A Saudi Arabia research team has discovered a computational method that can identify new targets and off-targets for drugs.
Besides developing new drugs, knowledge of off-targets can help reduce drug resistance and failure of new drugs in clinical trials.
Xin Gao and his colleagues from King Abdullah University of Science and Technology (KAUST) developed a method called integrated structure- and system-based approach of drug-target prediction (iDTP). This method with average specificity of 81% identified new and known targets of drugs and metabolites by integrating structural signatures of small molecules with their tissue-specific expression profiles1.
To assess the drug-discovery potential of iDTP, Gao’s team used this method to predict all known targets for 11 experimental drugs. Using in vitro drug-binding studies, they then predicted two novel target proteins for coenzyme A (CoA): peroxisome proliferator-activated receptor gamma (PPARG) and B-cell lymphoma 2 (Bcl-2).

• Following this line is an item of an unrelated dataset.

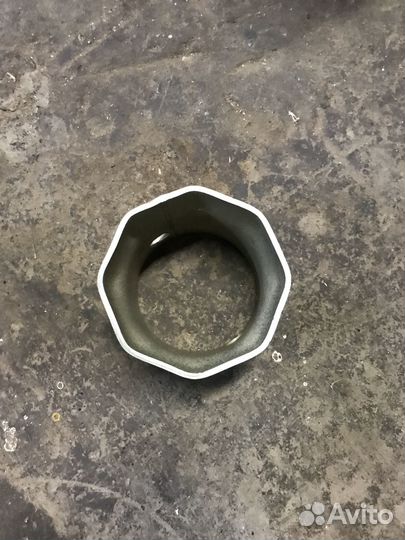 Ключ ступичный 110 (8-гранный)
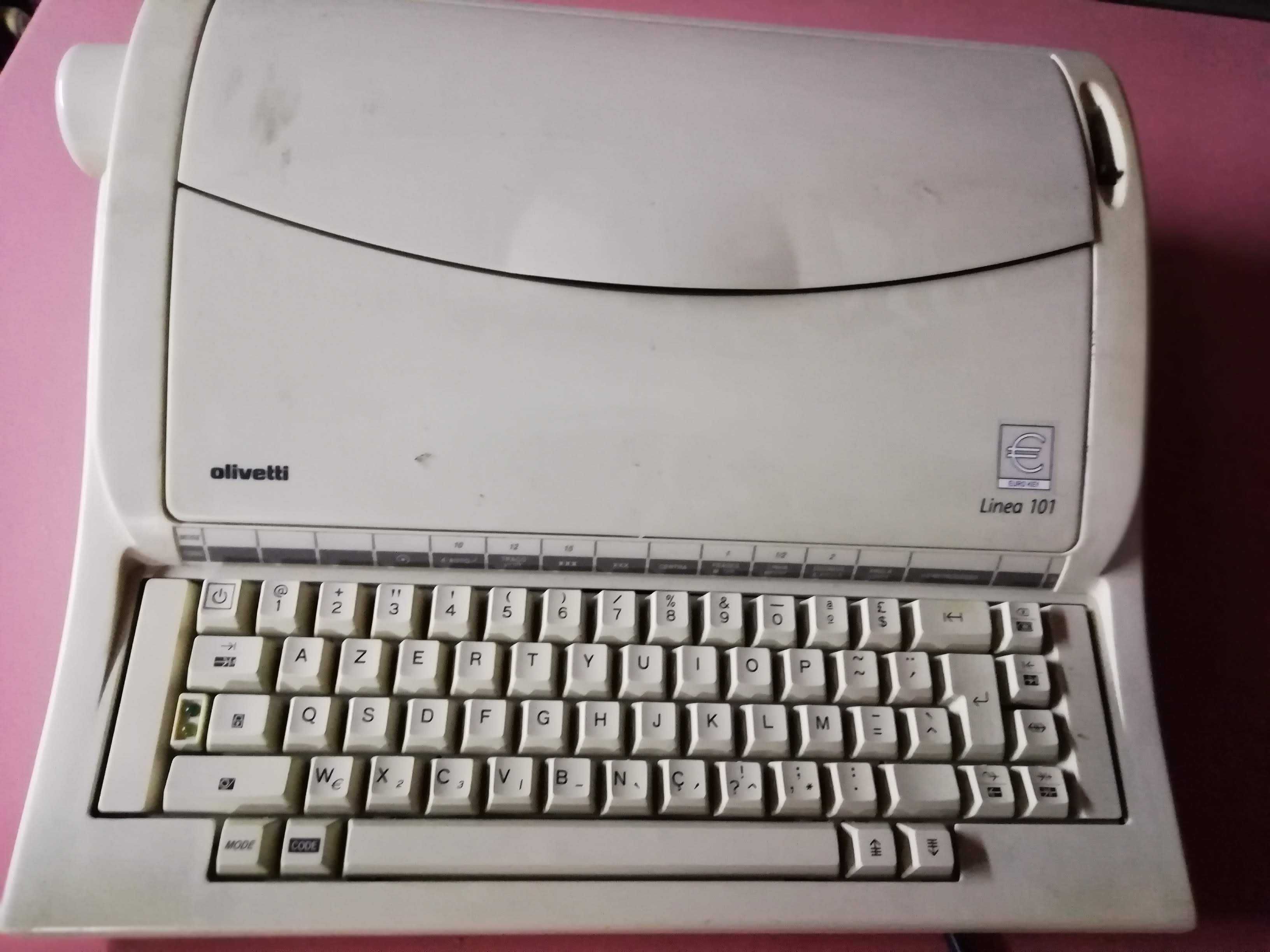 Máquina de escrever Olivetti Linea 101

These target proteins (PPARG and Bcl-2) were experimentally validated by Stefan Arold from KAUST and William Bourguet from France-based Centre de Biochimie Structurale.
The researchers say that the affinity of CoA for Bcl-2, an important oncogenic protein, illustrates how the method could be used for drug discovery by suggesting possible lead compounds.
This method could also provide insight into the binding mechanisms of known drugs for which the drug–target complex is unknown, they say.
“Besides aiding drug discovery, this method would be useful for predicting possible targets for chemical pollutants such as bisphenols,” says Gao.